Part of that most assuredly had to do with the fact that songs like “Sledgehammer,” “Big Time” and “That Voice Again” were delivered on Sunday with a looseness, a spryness that is practically buried in the 1986 recordings of the songs. And part of it had to do with the fact that often times Gabriel was creating new music videos before the audience’s eyes. Laying on his back center stage for the duration of “Mercy Street” cameras and manually tracking lighting rigs circled around him, displaying the captured images on two giant screens on either side of the stage to gorgeous and haunting effect. In fact, the only song that Gabriel didn’t manage to play with or challenge audience expectations on during the So set was that album’s closer “In Yours Eyes” – and why should he? It’s a safe bet that a good percentage of the audience was there just to hear that song, and rather than inject theatrics or drama into its performance, Gabriel simply played it straight and gave the crowd what it wanted.
And then he got eaten by a giant silk tube while the band performed “The Tower That Ate People” off of 2000’s soundtrack to his Millennium Dome show, OVO.

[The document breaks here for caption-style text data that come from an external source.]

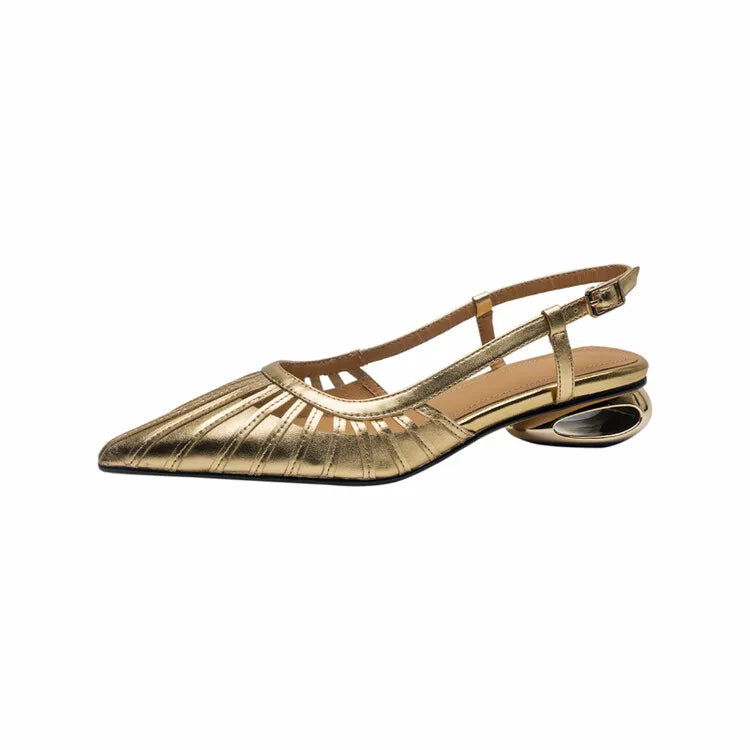 3CM Luxury High Quality Chaussures Pour Femmes Chic Sling back Casual Sandals Gold Low Heels for Ladies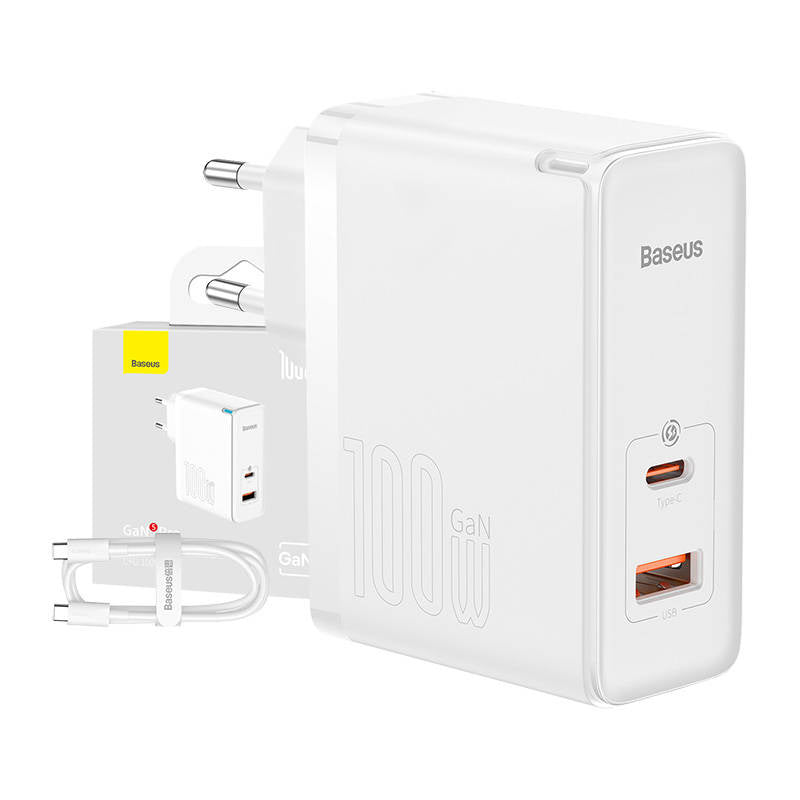 Wall charger Baseus GaN5 Pro USB-C + USB, 100W + 1m cable (white), Ładowarka sieciowa Baseus GaN5 Pro, USB-C + USB, 100W + kabel (biała)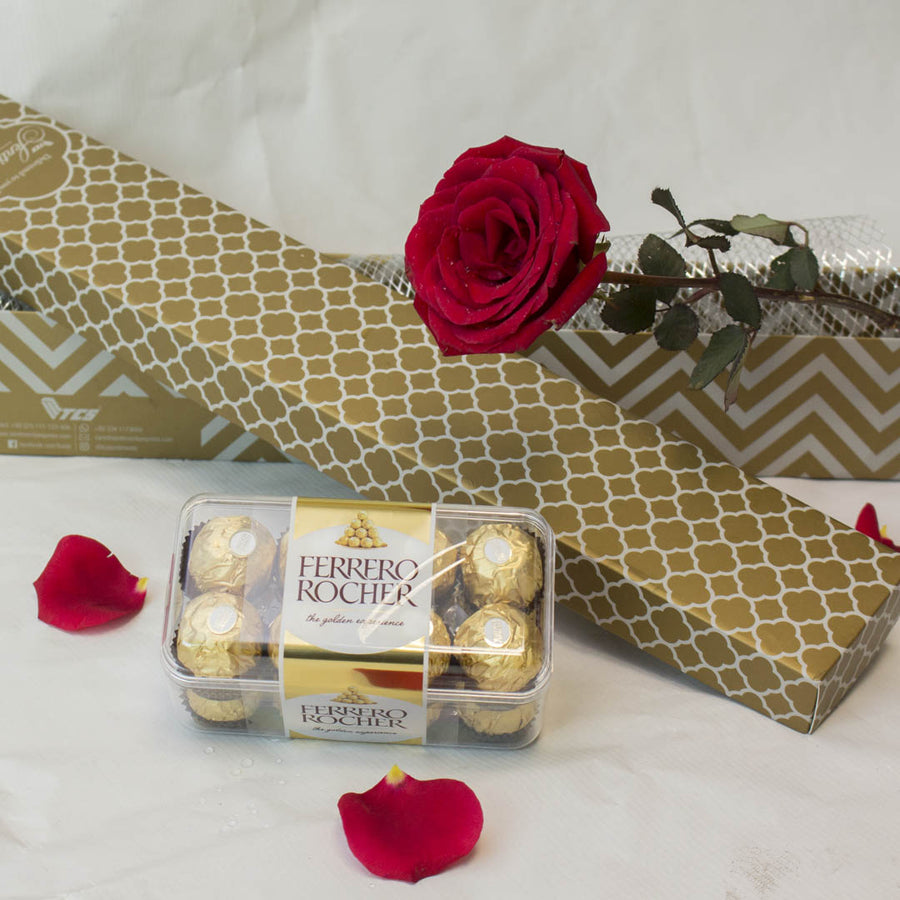 Single Rose with Ferrero Rocher Box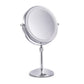 Liftable desktop round LED magnifying makeup mirror with chrome base stand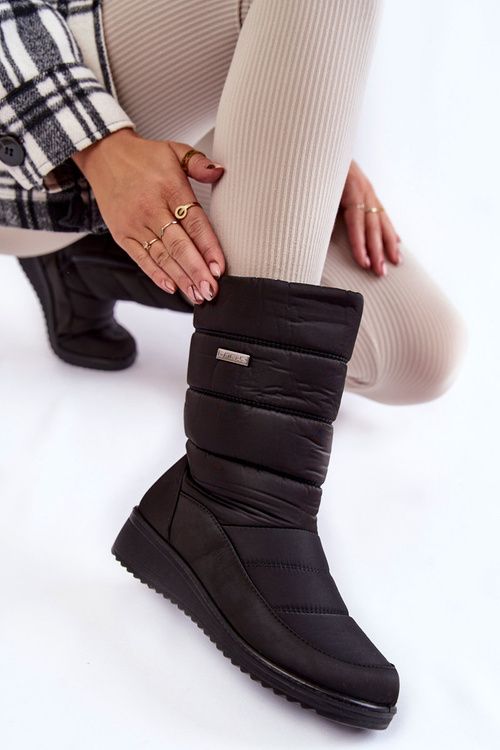 Warm Wedge Snow Boots Black Calena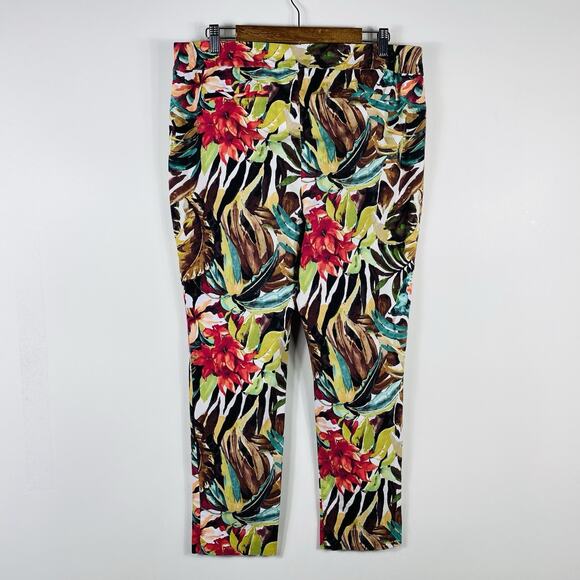 Chico's Pants XL 3 16 Ankle Floral Print Pull On Tropical - Picture 2 of 4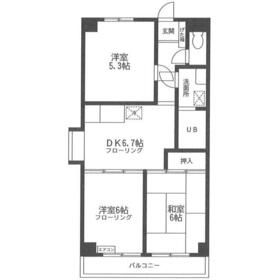 フォンテーヌ緑園・203号室の間取り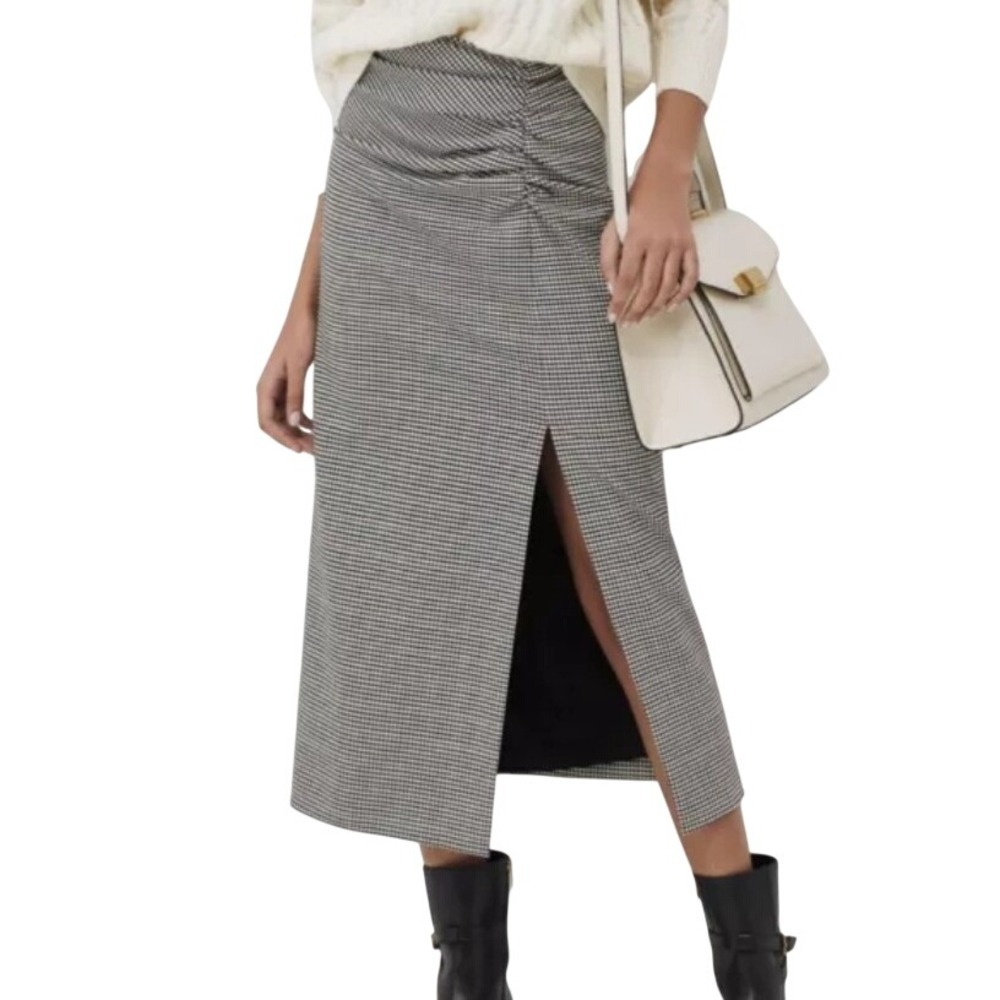 Marella Plaid A-line Midi Skirt 12 Black White Houndstooth Ruch Slit Wool Blend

Closing out the evening as he has often done for over 30 years now, Gabriel spoke to the crowd of living in an age where communication was effortless, and every voice could now be heard before launching into the song Biko. Written as a reaction to slain anti-apartheid activist Steven Biko, the song serves as both a reverent remembrance of Biko’s life and a potent protest of all the things that he stood against and ultimately lost his life for. With only an illuminated microphone stand at its lip, Gabriel and the band left the stage one by one as the crowd continued to cry out “Biko / Oh Oh/ Oh Oh Oh Oh/ Biko” over and over with drummer Manu Katché’s funeral march staccato rhythm, until finally there was one last snare hit and the stage went dark, bringing to an end an evening in which Peter Gabriel not only thrilled his audience with future-shock theatrics and nostalgic turns, but reminded them that what really matters is that we’re all in this together.
And that may be why So is still so moving 25 years after the fact. There’s a deep understanding of what makes us human that runs throughout Gabriel’s music, and at no point in his career has Gabriel expressed that more flawlessly than on So. And there isn’t any better exposition of So and the other selections from Gabriel’s quite remarkable catalog than his stellar performance Sunday night.